Short descriptive text snippets
☆ ☆ ☆

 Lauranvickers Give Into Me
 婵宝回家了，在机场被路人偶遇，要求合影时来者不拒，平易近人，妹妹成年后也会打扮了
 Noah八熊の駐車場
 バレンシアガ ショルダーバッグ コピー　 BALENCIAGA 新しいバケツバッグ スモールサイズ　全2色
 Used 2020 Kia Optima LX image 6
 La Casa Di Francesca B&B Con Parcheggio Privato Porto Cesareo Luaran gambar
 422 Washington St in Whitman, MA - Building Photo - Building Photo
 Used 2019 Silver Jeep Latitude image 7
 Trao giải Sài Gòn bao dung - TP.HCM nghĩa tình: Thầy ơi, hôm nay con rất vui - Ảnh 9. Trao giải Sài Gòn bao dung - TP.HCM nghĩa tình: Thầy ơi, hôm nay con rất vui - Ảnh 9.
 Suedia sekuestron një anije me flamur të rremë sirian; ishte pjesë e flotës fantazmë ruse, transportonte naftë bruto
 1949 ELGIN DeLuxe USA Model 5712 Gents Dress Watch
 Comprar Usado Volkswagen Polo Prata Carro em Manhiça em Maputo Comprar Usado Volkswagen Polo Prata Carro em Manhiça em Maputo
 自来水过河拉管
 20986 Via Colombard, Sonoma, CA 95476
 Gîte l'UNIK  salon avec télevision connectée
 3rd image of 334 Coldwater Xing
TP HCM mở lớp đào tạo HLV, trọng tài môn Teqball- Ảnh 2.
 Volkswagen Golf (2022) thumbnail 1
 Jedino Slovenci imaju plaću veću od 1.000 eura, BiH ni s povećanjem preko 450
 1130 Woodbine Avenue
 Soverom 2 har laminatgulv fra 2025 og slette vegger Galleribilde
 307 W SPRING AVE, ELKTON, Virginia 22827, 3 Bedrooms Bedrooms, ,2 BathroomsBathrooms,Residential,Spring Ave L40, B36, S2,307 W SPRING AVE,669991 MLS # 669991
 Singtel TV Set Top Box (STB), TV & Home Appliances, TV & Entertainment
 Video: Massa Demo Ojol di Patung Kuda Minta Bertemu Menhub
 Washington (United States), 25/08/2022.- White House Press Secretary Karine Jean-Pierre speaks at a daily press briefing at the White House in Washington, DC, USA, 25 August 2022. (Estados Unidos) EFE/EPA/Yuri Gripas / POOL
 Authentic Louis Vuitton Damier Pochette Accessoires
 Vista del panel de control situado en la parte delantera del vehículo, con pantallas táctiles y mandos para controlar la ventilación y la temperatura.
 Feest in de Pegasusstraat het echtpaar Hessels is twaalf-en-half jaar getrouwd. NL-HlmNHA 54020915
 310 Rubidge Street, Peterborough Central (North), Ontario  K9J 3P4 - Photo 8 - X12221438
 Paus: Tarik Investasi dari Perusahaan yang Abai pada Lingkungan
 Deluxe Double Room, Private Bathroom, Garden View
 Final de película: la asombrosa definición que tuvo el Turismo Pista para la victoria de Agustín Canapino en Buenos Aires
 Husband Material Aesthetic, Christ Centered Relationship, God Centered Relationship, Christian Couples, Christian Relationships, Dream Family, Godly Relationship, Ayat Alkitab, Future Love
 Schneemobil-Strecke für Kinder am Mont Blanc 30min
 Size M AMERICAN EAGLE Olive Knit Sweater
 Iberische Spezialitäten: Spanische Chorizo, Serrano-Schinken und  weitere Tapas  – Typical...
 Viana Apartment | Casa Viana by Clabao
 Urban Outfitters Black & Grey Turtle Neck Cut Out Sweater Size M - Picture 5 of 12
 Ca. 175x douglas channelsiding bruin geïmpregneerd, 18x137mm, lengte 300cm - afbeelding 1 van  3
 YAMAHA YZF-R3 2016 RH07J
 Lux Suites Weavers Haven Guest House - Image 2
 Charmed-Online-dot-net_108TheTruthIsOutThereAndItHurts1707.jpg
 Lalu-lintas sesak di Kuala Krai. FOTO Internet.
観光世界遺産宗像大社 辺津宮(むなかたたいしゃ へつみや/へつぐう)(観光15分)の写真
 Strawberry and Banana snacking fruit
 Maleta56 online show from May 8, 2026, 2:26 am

☆ ☆ ☆

What lines in the records above include the string "Casa"? Copy each one.

Answer box:
 La Casa Di Francesca B&B Con Parcheggio Privato Porto Cesareo Luaran gambar
 Viana Apartment | Casa Viana by Clabao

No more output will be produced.